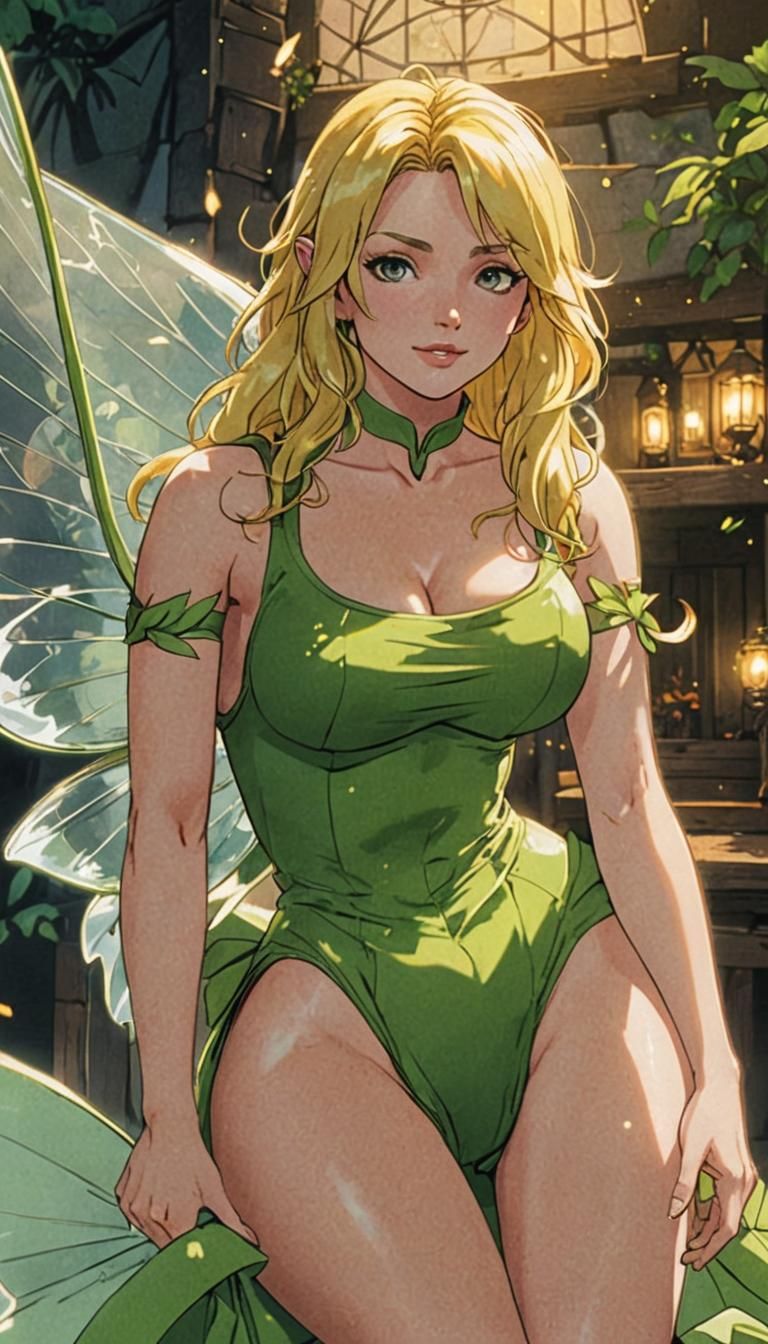 Tinkerbell as Manga Anime Art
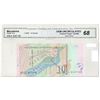 Image 1 : MACEDONIA. P#14-h 2008 Ten Denari CGA MS-68 OPQ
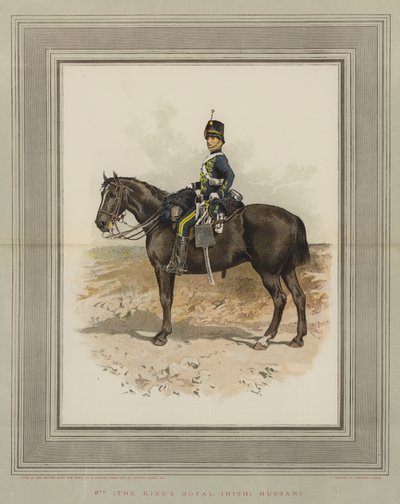 8. (Królewski Królewski Irlandzki) Hussars (chromolitho) autorstwa Charles Green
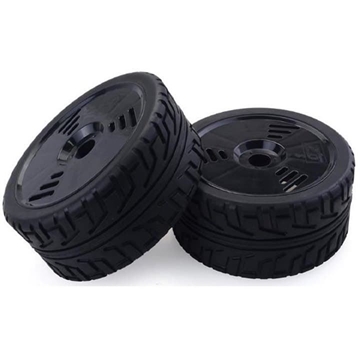 RUEDAS 1/8 TOURING (RALLY GAME) LLANTA NEGRA LENTICULAR (4 uni) - Imagen 1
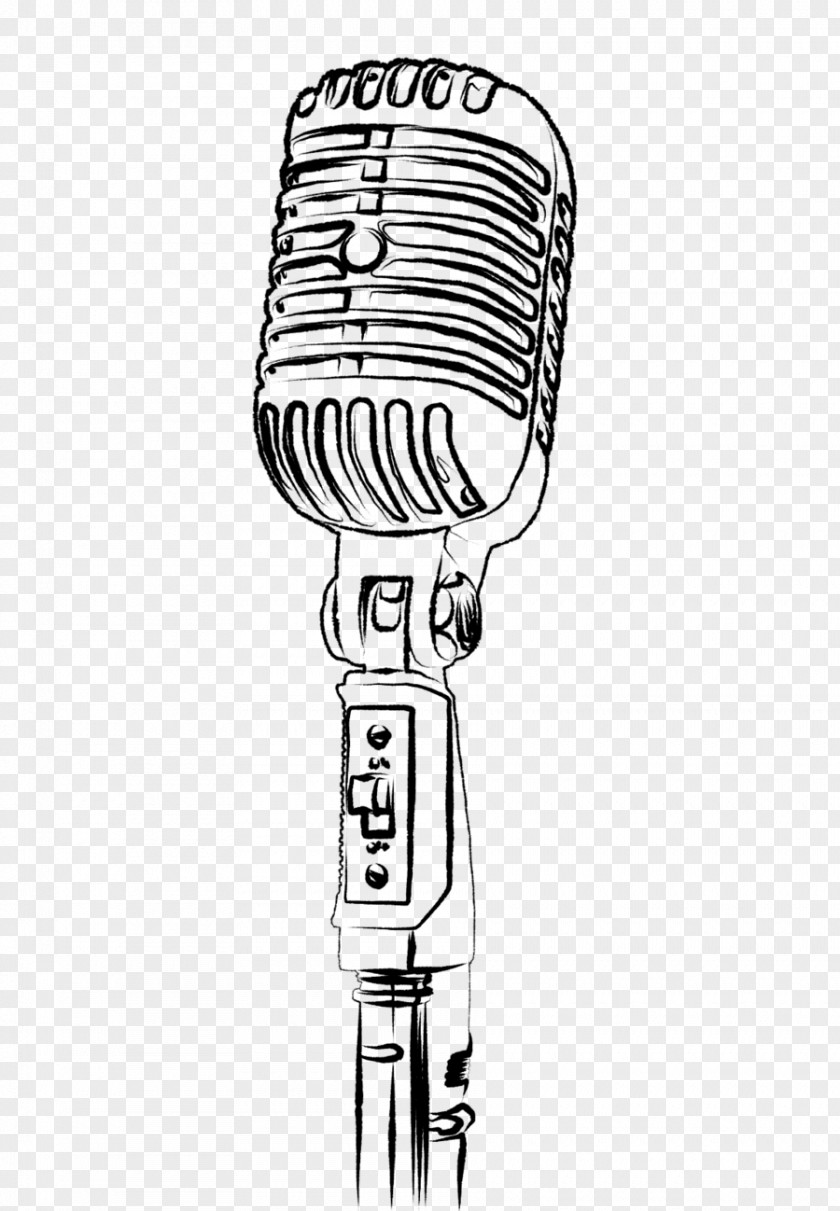 Line Drawing Microphone Photography PNG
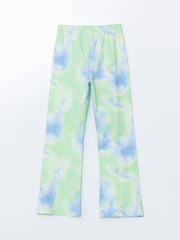 Elastic Waist Tie Dye Patterned Girls Leggings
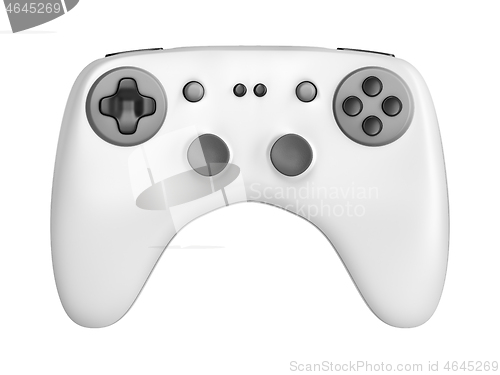 Image of Front view of game controller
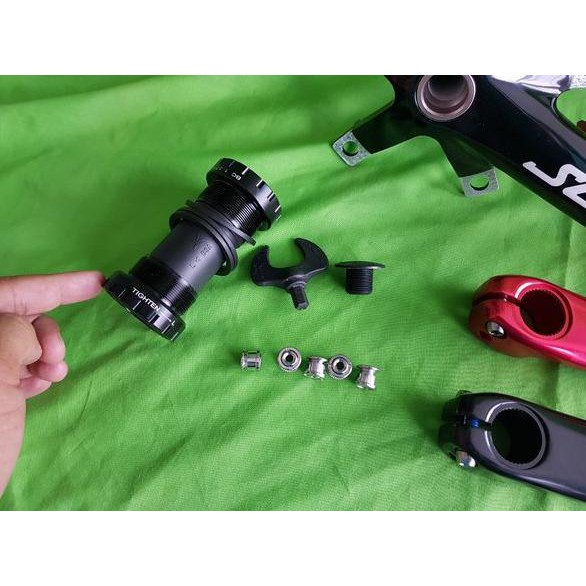 PROMO !! Crank Arm Ht2 Hollowtech ll SLK include Bb Bcd 130 Panjang Arm 170 mm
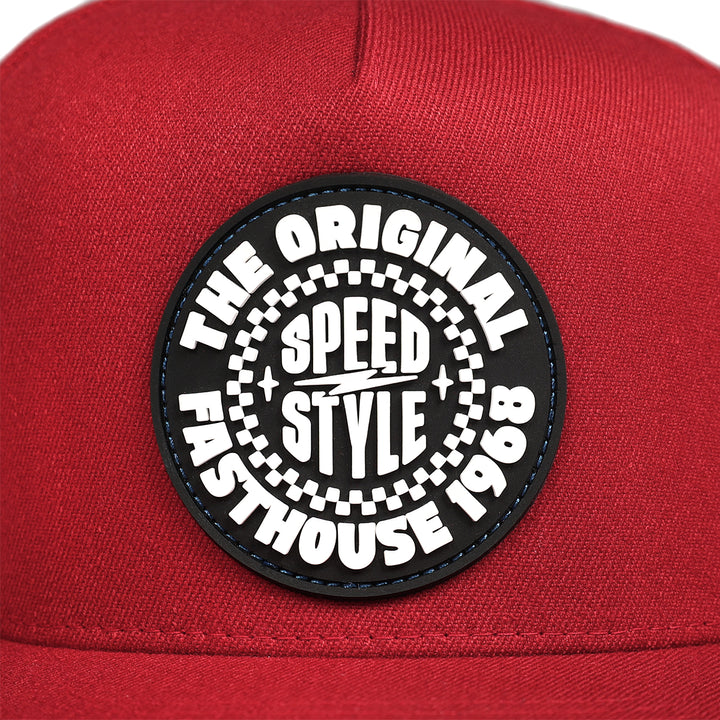 Fasthouse Origin Hat - Red - Sun Diego Boardshop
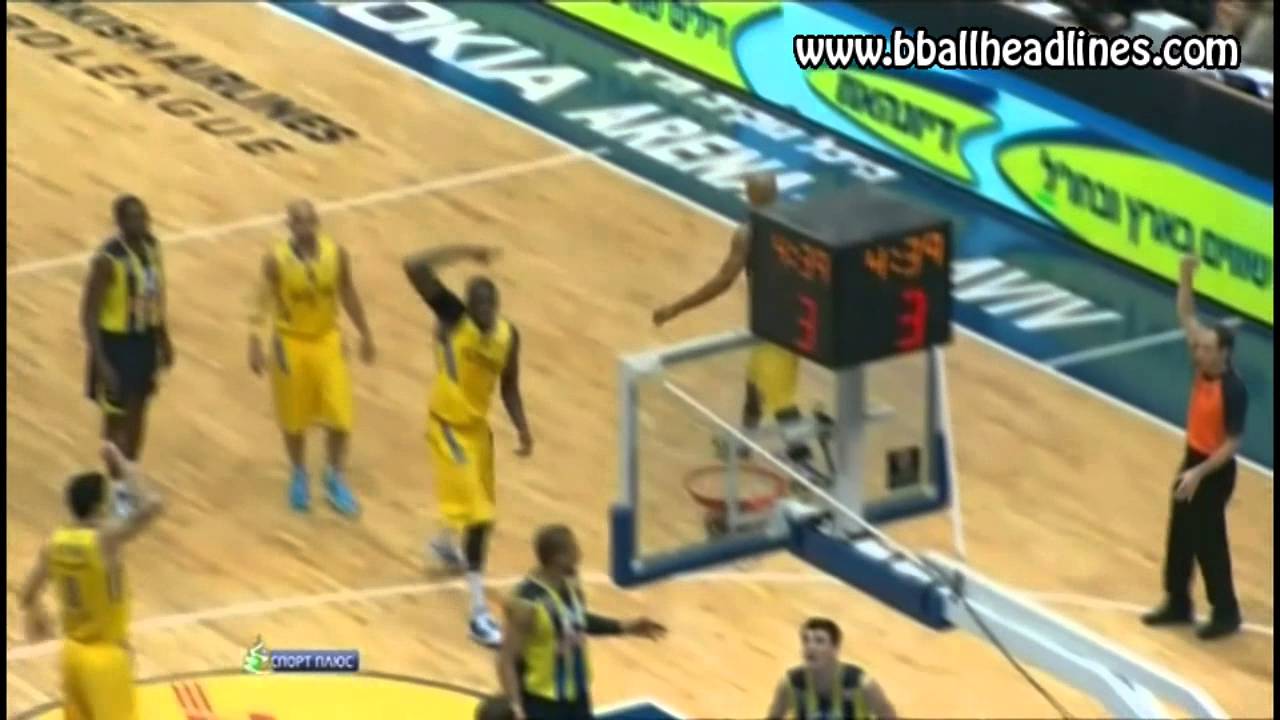 Shawn James' funny basket vs Fenerbahce YouTube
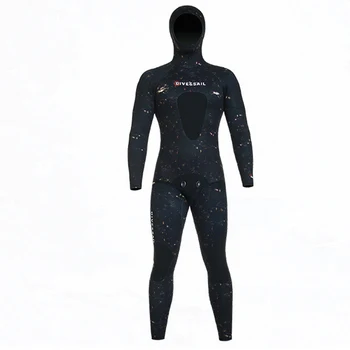 3 мм Мъжки водолазен костюм от неопрен с отворени пори, комплект от 2 теми за гмуркане, свободното гмуркане и подводен риболов, костюми за гмуркане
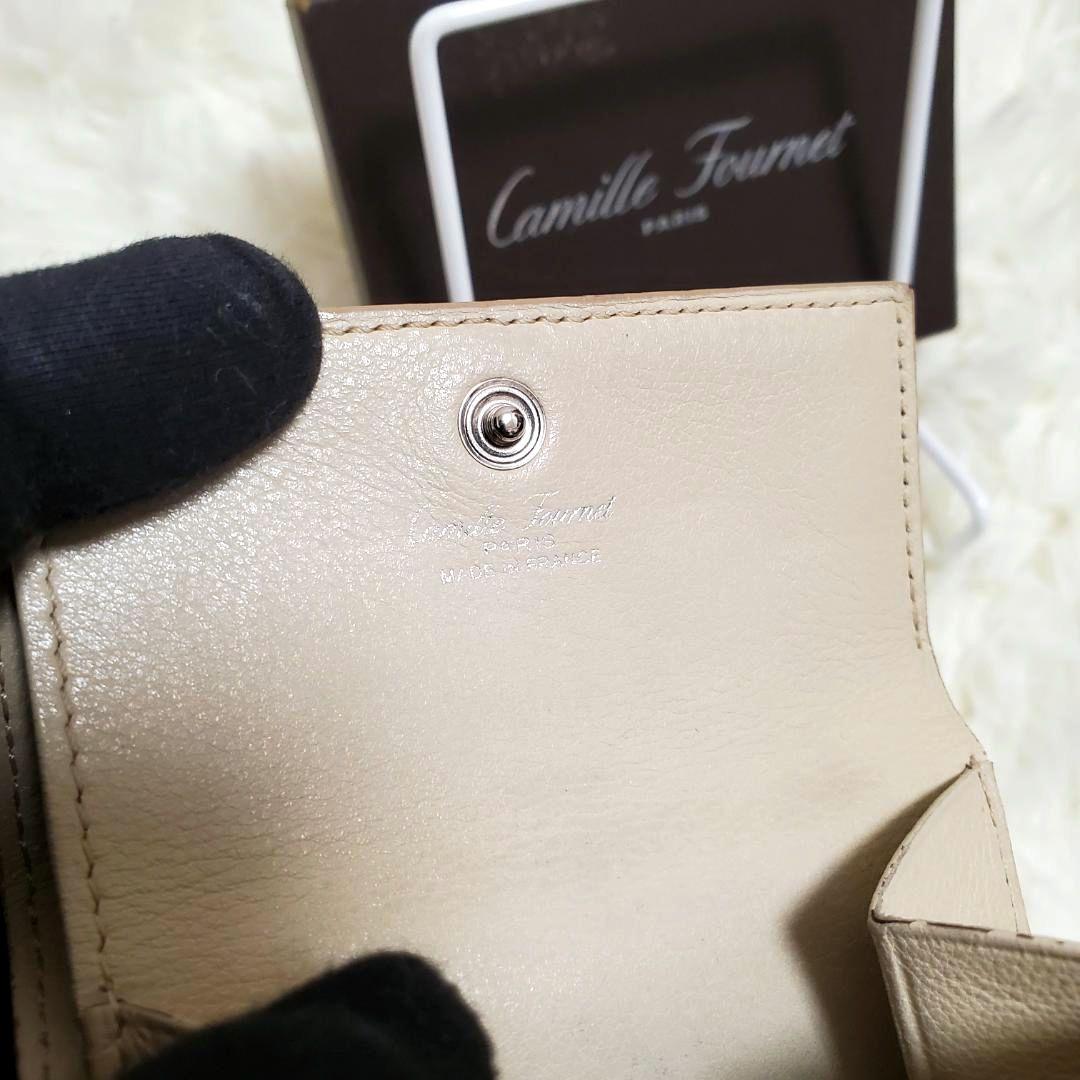 美品 カミーユフォルネ 希少 リザード ケース 箱付き ベージュ 定番人気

──────────

• _WORK INSTRUCTION_:
What is needed is an exact copy of the lines from the start of the records through the line containing "RUEDAS 1/8 TOURING", with no pictures.

• _FINISHED EXERCISE_:
 Tinkerbell as Manga Anime Art
 Image 1 : MACEDONIA. P#14-h 2008 Ten Denari CGA MS-68 OPQ
 8. (Królewski Królewski Irlandzki) Hussars (chromolitho) autorstwa Charles Green
 RUEDAS 1/8 TOURING (RALLY GAME) LLANTA NEGRA LENTICULAR (4 uni) - Imagen 1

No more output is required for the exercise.